Olympus: A new framework for managing multiple computer vision tasks

Posted:

DPhil student Yuanze Lin and Professor Ronald Clark have collaborated with Microsoft to introduce Olympus, a new framework designed to handle multiple computer vision tasks efficiently within a unified system. 

Computer vision has advanced significantly in handling specific tasks like object detection, segmentation, and classification. However, applying these models in complex real-world scenarios, such as autonomous vehicles, healthcare, and security, presents challenges. Each task usually requires its own model, making the management of diverse tasks inefficient and resource-intensive.   

The new framework was designed by Yuanze Lin, Professor Ronald Clark, and Professor Philip Torr from the Department of Engineering Science, together with Microsoft researchers Yunsheng Li, Dongdong Chen, and Weijian Xu.  

Olympus aims to overcome the limitations of existing approaches, such as multitask learning models that often struggle with resource allocation, task balancing, and performance on complex or niche tasks. Central to the method is a multimodal control mechanism that leverages a Multimodal Large Language Model (MLLM) to interpret user instructions and efficiently route tasks to specialised models. This adaptive routing dynamically delegates tasks based on user input, optimising both computational efficiency and accuracy.  

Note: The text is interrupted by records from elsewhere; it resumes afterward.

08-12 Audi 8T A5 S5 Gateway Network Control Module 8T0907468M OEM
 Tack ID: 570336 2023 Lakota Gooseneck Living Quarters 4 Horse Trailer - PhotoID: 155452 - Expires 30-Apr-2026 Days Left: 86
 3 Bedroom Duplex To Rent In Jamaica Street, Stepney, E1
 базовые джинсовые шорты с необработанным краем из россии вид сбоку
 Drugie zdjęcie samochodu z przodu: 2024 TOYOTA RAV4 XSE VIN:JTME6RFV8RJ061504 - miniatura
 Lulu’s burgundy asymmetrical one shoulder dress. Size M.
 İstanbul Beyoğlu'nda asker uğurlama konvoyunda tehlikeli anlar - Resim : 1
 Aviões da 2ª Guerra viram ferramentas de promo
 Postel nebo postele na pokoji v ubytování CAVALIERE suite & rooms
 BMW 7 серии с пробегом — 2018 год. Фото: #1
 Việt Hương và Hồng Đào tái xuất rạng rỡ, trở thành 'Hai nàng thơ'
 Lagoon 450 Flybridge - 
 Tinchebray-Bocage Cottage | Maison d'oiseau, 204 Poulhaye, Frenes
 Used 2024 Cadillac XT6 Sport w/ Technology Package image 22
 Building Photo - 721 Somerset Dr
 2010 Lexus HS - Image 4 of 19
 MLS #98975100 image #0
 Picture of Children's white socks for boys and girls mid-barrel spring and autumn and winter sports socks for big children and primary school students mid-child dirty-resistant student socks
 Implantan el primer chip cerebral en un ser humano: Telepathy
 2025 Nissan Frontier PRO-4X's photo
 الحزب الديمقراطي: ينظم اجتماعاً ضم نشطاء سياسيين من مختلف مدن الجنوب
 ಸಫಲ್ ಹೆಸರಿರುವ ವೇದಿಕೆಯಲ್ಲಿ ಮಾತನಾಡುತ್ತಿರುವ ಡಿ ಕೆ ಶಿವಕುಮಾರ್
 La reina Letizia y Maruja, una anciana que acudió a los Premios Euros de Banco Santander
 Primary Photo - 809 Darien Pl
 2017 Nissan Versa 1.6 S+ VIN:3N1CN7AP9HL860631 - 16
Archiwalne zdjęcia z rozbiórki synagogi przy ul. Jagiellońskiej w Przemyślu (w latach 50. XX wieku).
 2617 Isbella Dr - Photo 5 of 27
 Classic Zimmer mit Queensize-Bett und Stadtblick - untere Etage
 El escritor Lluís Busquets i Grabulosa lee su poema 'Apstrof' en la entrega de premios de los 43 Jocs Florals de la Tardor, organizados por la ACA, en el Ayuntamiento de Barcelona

The system is capable of managing up to 20 simultaneous tasks. Additionally, the method is able to perform a ‘chain of actions’ with up to five sequential steps, making it useful for real-world problems such as image editing and multi-step decision making that require multiple actions. 

With Olympus, we've tried to move away from computer vision models with narrow capabilities to ones that can solve complex vision tasks with step-by-step reasoning. Professor Ronald Clark 

While further testing is required to address edge cases and latency, Olympus offers a promising solution for simplifying the management of diverse vision tasks. By bridging gaps in traditional models and multitask learning systems, it paves the way for more integrated and flexible computer vision solutions across various fields.